▶ [INSTRUCTIONS TO FOLLOW]:
Please copy each line of the listing below precisely, excluding the images.

▶ [DATA SEGMENT]:

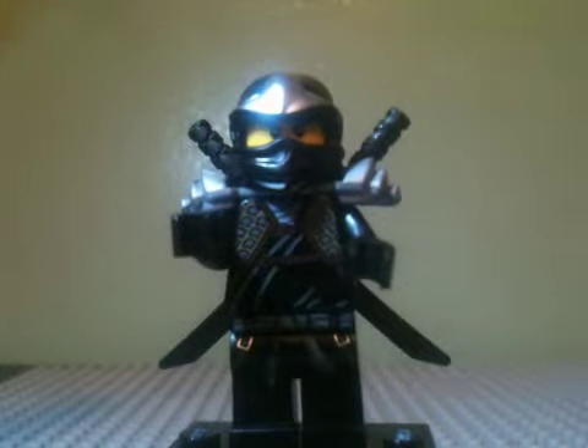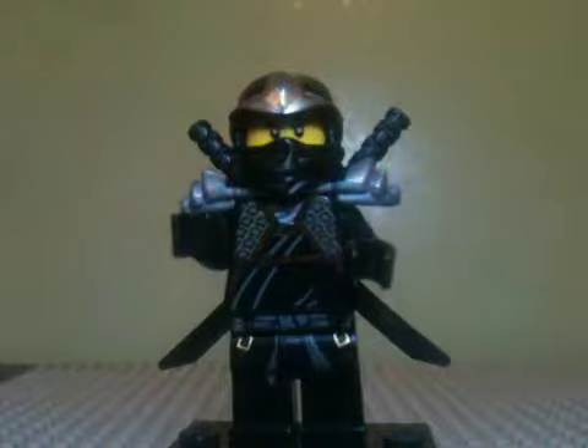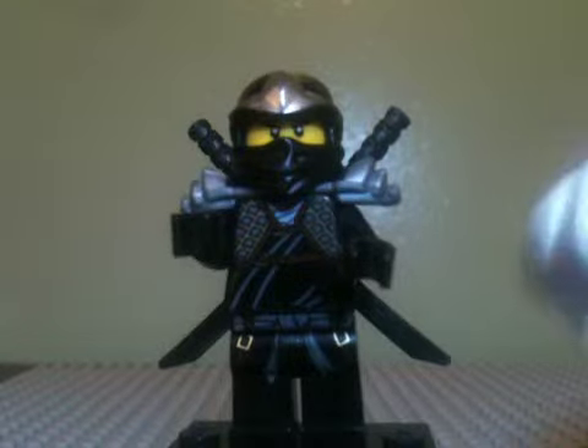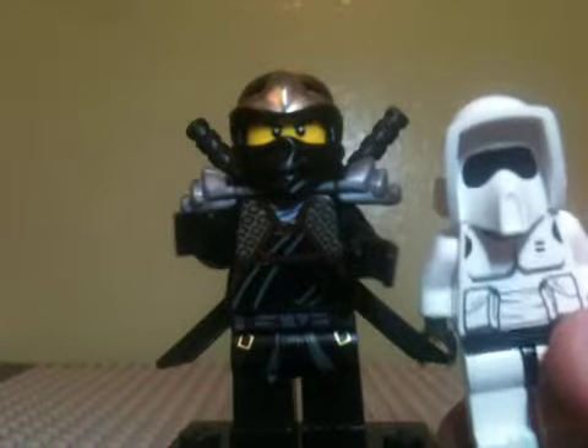And we traded minifigures. I'll get a better light. We traded minifigures — the minifigure I traded with him was actually pretty cool. He got Cole ZX and had him, and now I have him and now he has this guy, which he loves. Pretty good trade for me and him. He loves him, I love this guy.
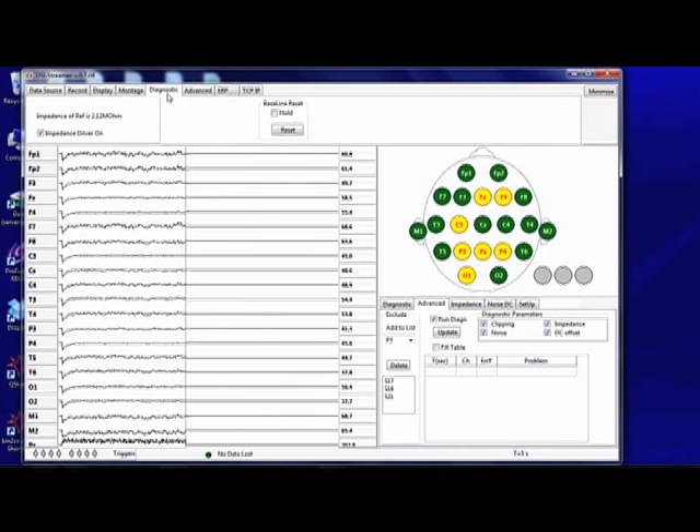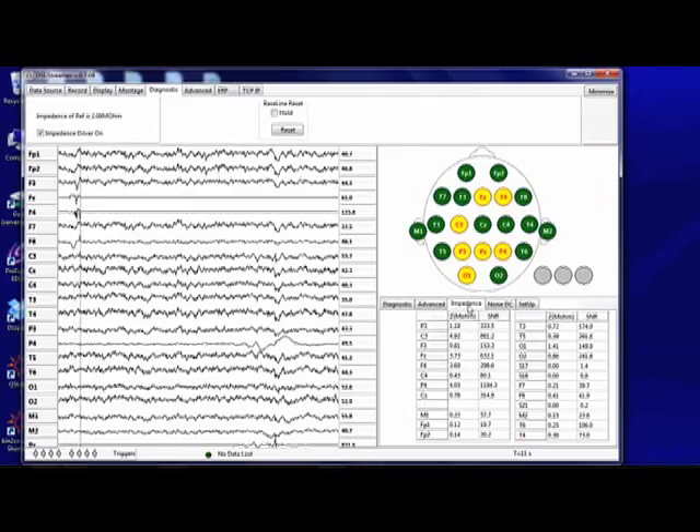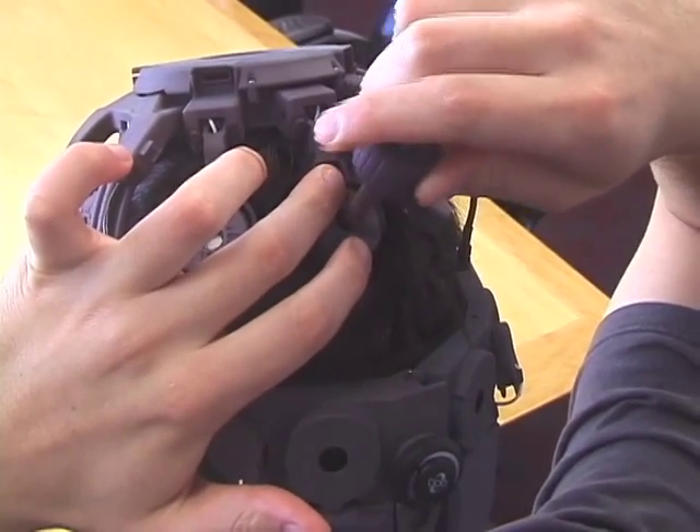Next, go to the Diagnostic tab to inspect electrode impedances. You will need to manipulate any sensors that are in yellow or red. A graphical representation of the electrodes is color coded to show contact quality.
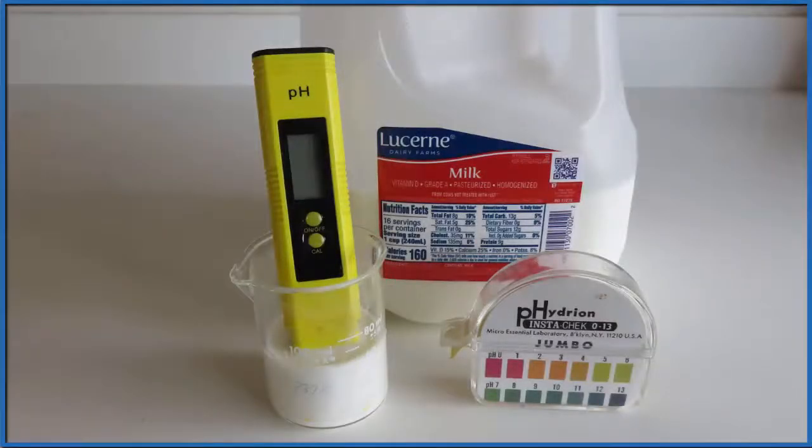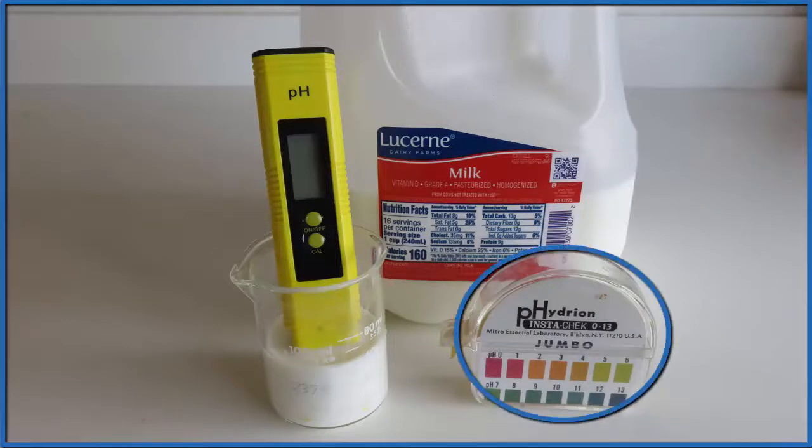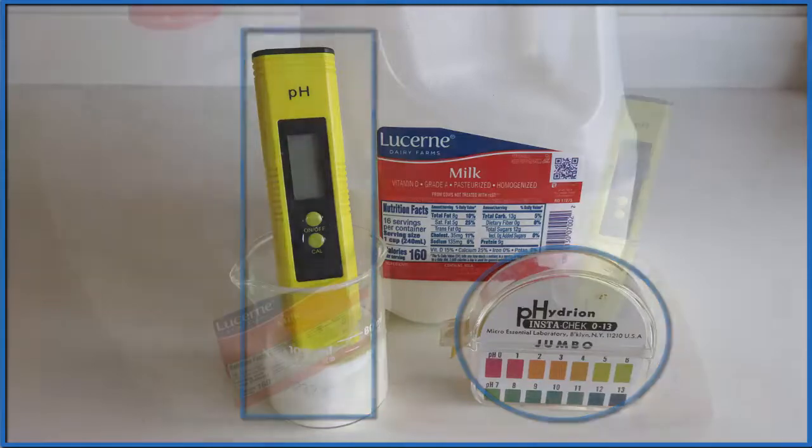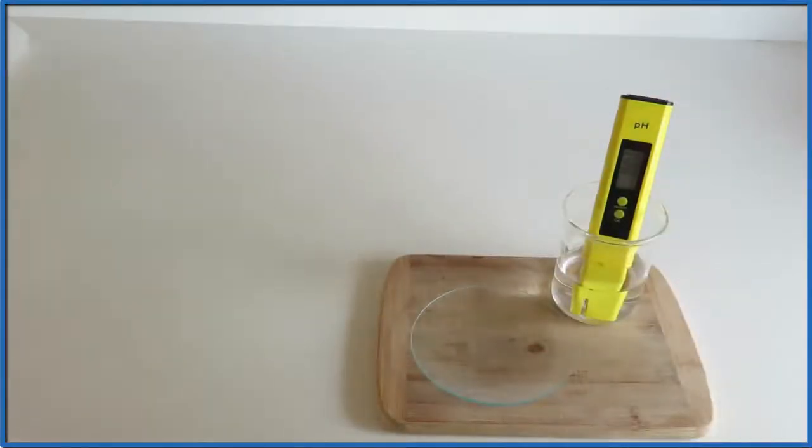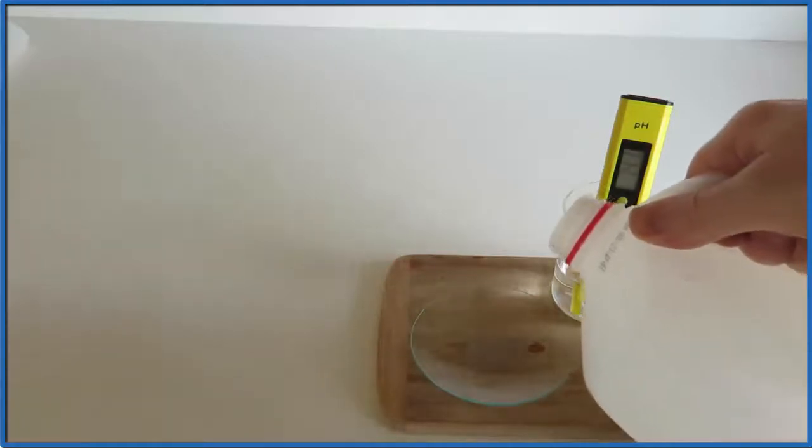Let's take a look at the pH of milk. The question is whether milk is an acid, base, or neutral. We'll look at it with pH paper and then a pH meter to get a more accurate reading. So we take some milk — this is whole milk that I got from the grocery store — and we pour it on the Petri dish.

▶ [WORKED SOLUTION]:
And we traded minifigures. I'll get a better light. We traded minifigures — the minifigure I traded with him was actually pretty cool. He got Cole ZX and had him, and now I have him and now he has this guy, which he loves. Pretty good trade for me and him. He loves him, I love this guy.
Next, go to the Diagnostic tab to inspect electrode impedances. You will need to manipulate any sensors that are in yellow or red. A graphical representation of the electrodes is color coded to show contact quality.
Let's take a look at the pH of milk. The question is whether milk is an acid, base, or neutral. We'll look at it with pH paper and then a pH meter to get a more accurate reading. So we take some milk — this is whole milk that I got from the grocery store — and we pour it on the Petri dish.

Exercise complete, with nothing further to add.